Any African who has ever tried to visit South Africa will know that the country is not an easy entry destination. South African embassies across the continent are almost as difficult to access as those of the UK and the United States. They are characterized by long queues, inordinate amounts of paperwork, and officials who manage to be simultaneously rude and lethargic.
It should come as no surprise then that South Africa’s new Minister of Home Affairs has announced the proposed establishment of a Border Management Agency for the country. In his words the new agency “will be central to securing all land, air and maritime ports of entry and support the efforts of the South African National Defence force to address the threats posed to, and the porousness of, our borderline.”
Political observers of South Africa will understand that this is bureaucratic speak to dress up the fact that insularity will continue to be the country’s guiding ethos in its social, cultural and political dealings with the rest of the continent.
Perhaps I am particularly attuned to this because of my upbringing.
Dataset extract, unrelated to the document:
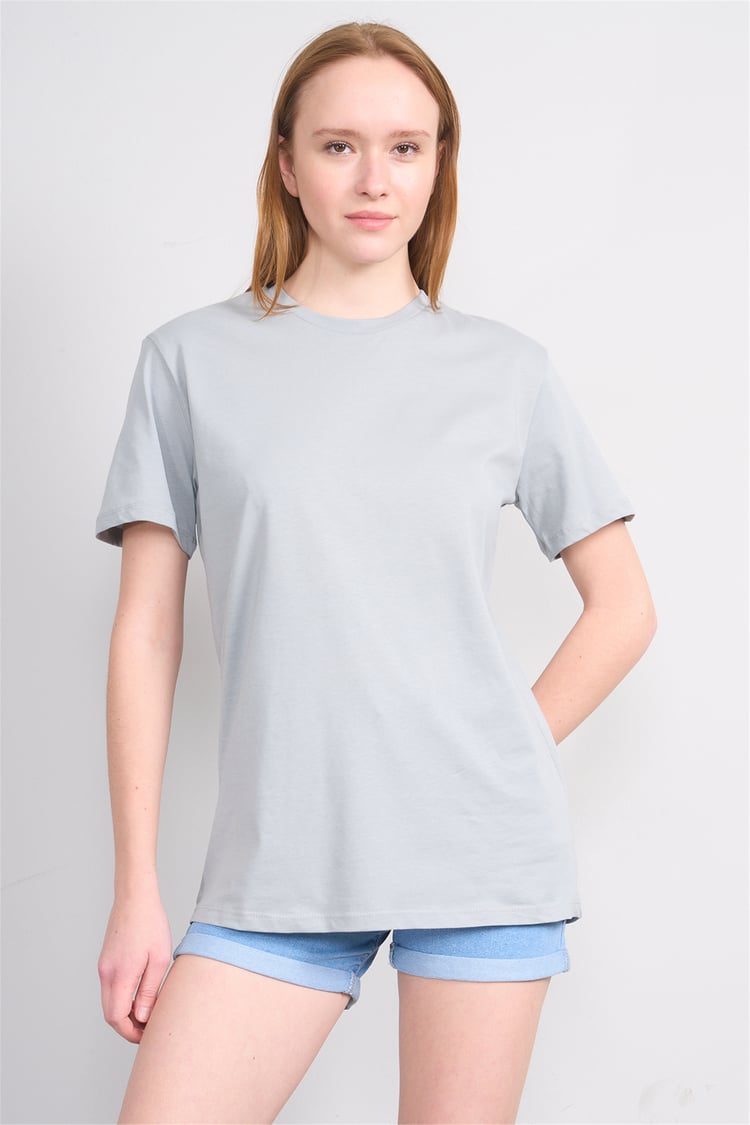 Çetinkaya Fithit 3264 Bayan Bisiklet Yaka 30/1 Penye Regular Basic T-shirt Açık Gri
I am South African but grew up in exile. That is to say I was raised in the Africa that is not South Africa; that place of fantasy and nightmare that exists beyond the Limpopo. When I first came home in the mid 1990s, in those early months as I was learning to adjust to life in South Africa, I was often struck by the odd way in which the term ‘Africa,’ was deployed by both white and black South Africans.
Because I speak in the fancy curly tones of someone who has been educated overseas, I was often asked where I was from. I would explain that I was born to South African parents outside the country and that I had lived in Zambia and Kenya and Canada and that my family also lived in Ethiopia. Invariably, the listener would nod sympathetically until the meaning of what I was saying sank in. ‘Oh.’ Then there would be a sharp intake of breath and a sort of horrified fascination would take hold. “So you grew up in Africa.” The Africa was enunciated carefully, the last syllable drawn out and slightly raised as though the statement were actually a question. Then the inevitable, softly sighed, “Shame.”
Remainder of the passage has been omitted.